En 2007, la Chambre des communes a adopté le principe de Jordan, du nom de Jordan River Anderson, qui garantit que les enfants des Premières Nations reçoivent les services essentiels comme les soins de santé. (Photo d'archives)

Photo : TIFF

Sur le plan éthique, la Société ne pouvait pas participer à des discussions ayant pour but de mettre fin à la discrimination raciale tout en protégeant le Canada de toute reddition de comptes alors qu’il continue de discriminer certains enfants en temps réel, a martelé Cindy Blackstock.

Selon elle, le Canada ne respecte pas le principe de Jordan et enfreint donc lui aussi l’entente de principe. Mme Blackstock ne pense pas qu’elle boycotte les discussions; elle croit plutôt qu’elle met de la pression pour obtenir de meilleures négociations.

Nous sommes capables de régler ce dossier avant les prochaines élections, j’en suis convaincue, a-t-elle noté. Mais ce qu’on ne peut pas faire, c’est négocier les droits fondamentaux des enfants des Premières Nations à la baisse, en deça de ce à quoi ils ont droit.

Des modifications proposées par le fédéral

Face à la motion de la Société, des avocats de Services aux Autochtones Canada (SAC) ont contre-attaqué en déposant leurs propres motions qui ont pour but de prolonger – voire d’éliminer dans certains cas – les délais à respecter en vertu du principe de Jordan.

Pour le traitement de demandes individuelles urgentes, le ministère voudrait que les délais passent de 12 à 48 heures. Les requêtes de routine, quant à elles, devraient être traitées sans délai déraisonnable, alors qu’à l’heure actuelle, elles doivent être résolues dans les 48 heures.

Dans un affidavit, la sous-ministre des Relations Couronne-Autochtones et ancienne haute fonctionnaire de SAC Valerie Gideon estime qu’un nombre significatif de demandes sont identifiées à tort comme urgentes.

Selon elle, une tendance montre que les demandes d’aide touchent désormais des besoins socioéconomiques comme l’épicerie, les hypothèques et les loyers, les nouvelles maisons, les rénovations et même les véhicules personnels.

Contre-interrogée la semaine dernière devant le tribunal, Mme Gideon a fourni une liste de demandes soi-disant mal classifiées pour des choses telles que des photos d’agence de mannequinat, une motoneige, une tondeuse, des bâtonnets fluorescents, des télévisions et une tyrolienne.
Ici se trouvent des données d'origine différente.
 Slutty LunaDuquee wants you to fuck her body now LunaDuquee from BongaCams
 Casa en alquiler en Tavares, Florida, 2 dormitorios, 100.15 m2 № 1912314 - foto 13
Les avocats du gouvernement font valoir que la prolongation des délais va être bénéfique pour les enfants des Premières Nations, car elle assurera que les demandes urgentes et non urgentes pourront être distinguées raisonnablement, ce qui permettra d’honorer une demande dans des délais raisonnables.

Dans un courriel, SAC a précisé que le ministère examine la possibilité d’avoir recours aux technologies de pointe et à l’automatisation pour accélérer l’approbation des demandes en vertu du principe de Jordan.

Le Tribunal canadien des droits de la personne entendra la motion de Mme Blackstock en juin.